This is part of Marc H. Ellis’s “Exile and the Prophetic” feature for Mondoweiss. To read the entire series visit the archive page.
People of all faith persuasions – including many Christians of Conscience – must be glad to see the Christmas season disappear into our collective rearview mirror. We know it will return, more or less by August and September, but the trivialization of Christianity is mind-boggling. Judaism isn’t far behind. Jewish leadership seems hell-bent on catching up with Santa’s reindeer-drawn sled.
My alternative image of contemporary Jewish life remains Star of David helicopter gunships in the Ark of the Covenant. What, dear Christians of Conscience, is your alternative image of Christianity?
But then, when all seems at an end, yet another image comes into view – one of unintended consequences.
I thought of this morning while reading a New York Times, “On Religion” article on the ambiguous legacy of mission schools that were established and flourished as a form of Western Christian colonialism. The focus is on South Africa – and Nelson Mandela.

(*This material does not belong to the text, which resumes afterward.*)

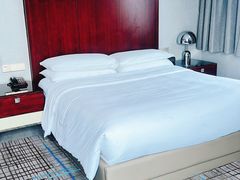 -上海龙之梦万丽酒店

Mandela’s death has occasioned many tributes and criticisms. New information – or disinformation – has surfaced. One such dispute is the claim that in the early 1960s, Mandela was trained by Israel’s Mossad. Regardless of the back and forth on this issue, the truth about Israel’s Africa policy during that time is complex. It also had unintended consequences. Seeing itself as a liberation movement and courting Africans under colonial rule to support Israel on the ground and in international forums, Israel also had a small hand in undermining the very colonial rulers that supported Israel. This ultimately gave way to leaders like Mandela who supported the Palestinian cause.
This was true of Christian missionary unintended consequences as well. Samuel Freedman frames the issue in relation to Mandela who was himself educated at a Methodist university and recorded in his autobiography his ambivalent feelings:
The mixed emotions that Mandela expressed were far from his alone. The entire enterprise of mission schools in Africa stood at an ambiguous, contested crossroads. It was part of colonialism, yet it educated students who opposed colonialism. It avoided political involvement, yet inspired the quest for racial equality through its religious ideals.
Freedman quotes Olufemi Taiwo, author of How Colonialism Preempted Modernity in Africa:
Under colonialism, there’s a tension between the missions and the colonial authorities. There was a missionary idea that black people could be modern. And most churches cannot come out and say some people are not human. So you might have a patronizing attitude, but if you don’t think Africans can benefit from education, why would you set up schools?
Freedman cites Mandela’s autobiography where he reflects on his university experience: “For young black South Africans like myself, it was Oxford and Cambridge, Harvard and Yale, all rolled into one.” During his time at university, Mandela studied Latin and Physics, participated in the drama society, ran cross country and lived in a multiracial hostel. He saw life from a different perspective.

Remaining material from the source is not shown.